I don’t think there’s any type of work that gets you so close to somebody when they are charged with, you know, something that could send them away to prison for a long time and you get to know their families. You get to know their histories, you have to really put together, you know, a biography basically of who they are, what kinds of things they’ve gone through that got them where they are.
And that ability to be able to communicate with somebody on a very personal level because of the situation of what you’re doing for a living is very unique.
And then there’s court. I mean, court. Is an ongoing play, you know, every day where you’re seeing drama and when you’re trying a case, you’re seeing people from that you might have never known and never had any contact with suddenly become an important part of your life.
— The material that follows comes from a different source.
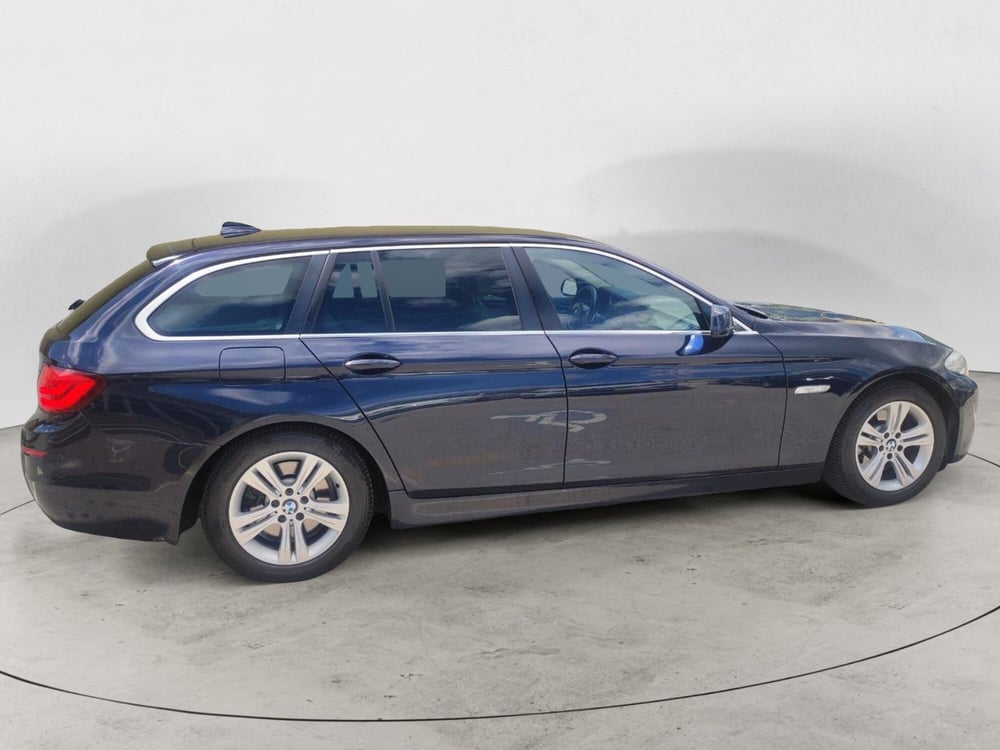 BMW Serie 5 Touring usata a Salerno (8)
They are all there serving on the jury and there is nothing in the world like getting an acquittal when the jury comes back, not guilty. That is an experience that makes it all worthwhile.
Louis Goodman 21:42
How do you handle things emotionally when you don’t get an acquittal, when a client gets convicted and ends up getting a substantial prison sentence?
Peter Goodman 21:51
It’s the downside of being a criminal lawyer, you know, you have to live with the fact that the person was convicted and then inevitably you go back over, well, this is a decision that I made here. Maybe if I’d done something different, it might’ve been different and it might’ve had a different outcome.
I mean, I second guess myself a lot when there is a conviction. And what I try to do, whether they’re convicted or not, is stay in touch with them to let them know that if a verdict comes back against them, we may continue a relationship and we may stay in touch. And it’s important for people to feel like they’re not abandoned the minute the jury comes back with a guilty verdict.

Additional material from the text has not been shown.